§ **Your objective**
Give back the full listing as written. No pictures go with it.

§ **Dataset extract**
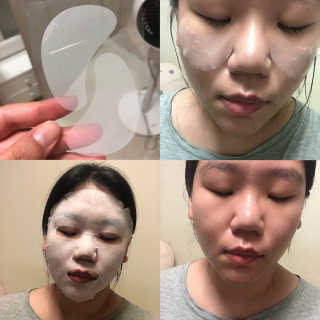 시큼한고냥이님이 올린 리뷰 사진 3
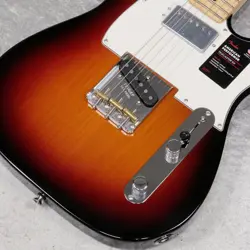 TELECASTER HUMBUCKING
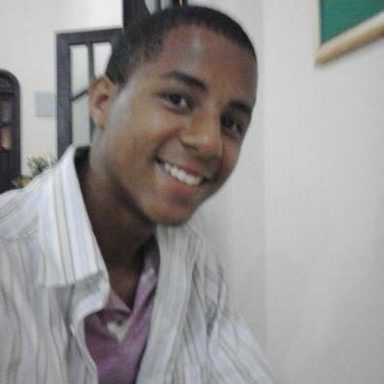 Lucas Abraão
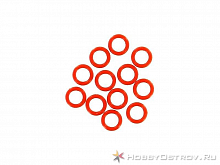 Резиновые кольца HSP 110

§ **The completed task**
 시큼한고냥이님이 올린 리뷰 사진 3
 TELECASTER HUMBUCKING
 Lucas Abraão
 Резиновые кольца HSP 110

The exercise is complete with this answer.